I have a list users_with_invites_ids_list
, formed by loop where I append values to the list, in python that looks like this:
我有一个列表users_with_invites_ids_list,由循环形成,我将值附加到列表中,在python中看起来像这样:
...[ObjectId('55119e14bf2e4e010d8b48f2')], [ObjectId('54624128bf2e4e5e558b5a52')], [ObjectId('53a6e7bc763f4aa0308b4569')], [ObjectId('55241823bf2e4e59508b494c')]]
when I try:
当我尝试:
users_with_invites_ids_set = set(users_with_invites_ids_list)
I get:
TypeError: unhashable type: 'list'
How do I convert this list of lists to a set?
如何将此列表列表转换为一组?
EDIT
based on answer I've done the following:
根据答案,我做了以下几点:
#convert list to set
first_tuple_list = [tuple(lst) for lst in users_with_invites_ids_list]
users_with_invites_ids_set = set(first_tuple_list)
Which yields the following:
产生以下结果:
(ObjectId('542ac5a6763f4a82188b4a51'),), (ObjectId('54496fe6bf2e4efe348bd344'),), (ObjectId('54c96339bf2e4ee62c8b48e0'),)])
How do I get each ObjectId
without the ()
around each one. It's keeping me from comparing this set to other set's of ids.
如何在每个ObjectId周围没有()的情况下获取每个ObjectId。它阻止我将这个集合与其他集合的ID进行比较。
2 个解决方案
#1
You would need to convert the inner lists to tuples, assuming each of those ObjectId('55119e14bf2e4e010d8b48f2')
is hashable:
假设每个ObjectId('55119e14bf2e4e010d8b48f2')都是可清除的,你需要将内部列表转换为元组:
users_with_invites_ids_set = set(tuple(x) for x in users_with_invites_ids_list)
Working example:
>>> class ObjectId(object):
... def __init__(self, v):
... self.v = v
...
>>> list_of_lists = [[ObjectId('55119e14bf2e4e010d8b48f2')], [ObjectId('54624128bf2e4e5e558b5a52')], [ObjectId('53a6e7bc763f4aa0308b4569')], [ObjectId('55241823bf2e4e59508b494c')]]

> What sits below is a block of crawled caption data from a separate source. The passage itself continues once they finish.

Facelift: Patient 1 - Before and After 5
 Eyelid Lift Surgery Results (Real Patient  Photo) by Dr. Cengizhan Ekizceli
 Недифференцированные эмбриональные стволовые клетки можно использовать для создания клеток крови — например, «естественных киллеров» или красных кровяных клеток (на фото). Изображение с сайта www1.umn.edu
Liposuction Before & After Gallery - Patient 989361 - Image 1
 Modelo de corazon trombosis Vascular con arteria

>>> set(tuple(x) for x in list_of_lists)
set([(<__main__.ObjectId object at 0x7f71483cfc50>,), (<__main__.ObjectId object at 0x7f71483cfd10>,), (<__main__.ObjectId object at 0x7f71483cfcd0>,), (<__main__.ObjectId object at 0x7f71483cfc90>,)])
In case if you are looking to create the set of the ObjectId
's alone, you could do:
如果您要单独创建ObjectId的集合,您可以执行以下操作:
>>> set(x for lst in list_of_lists for x in lst)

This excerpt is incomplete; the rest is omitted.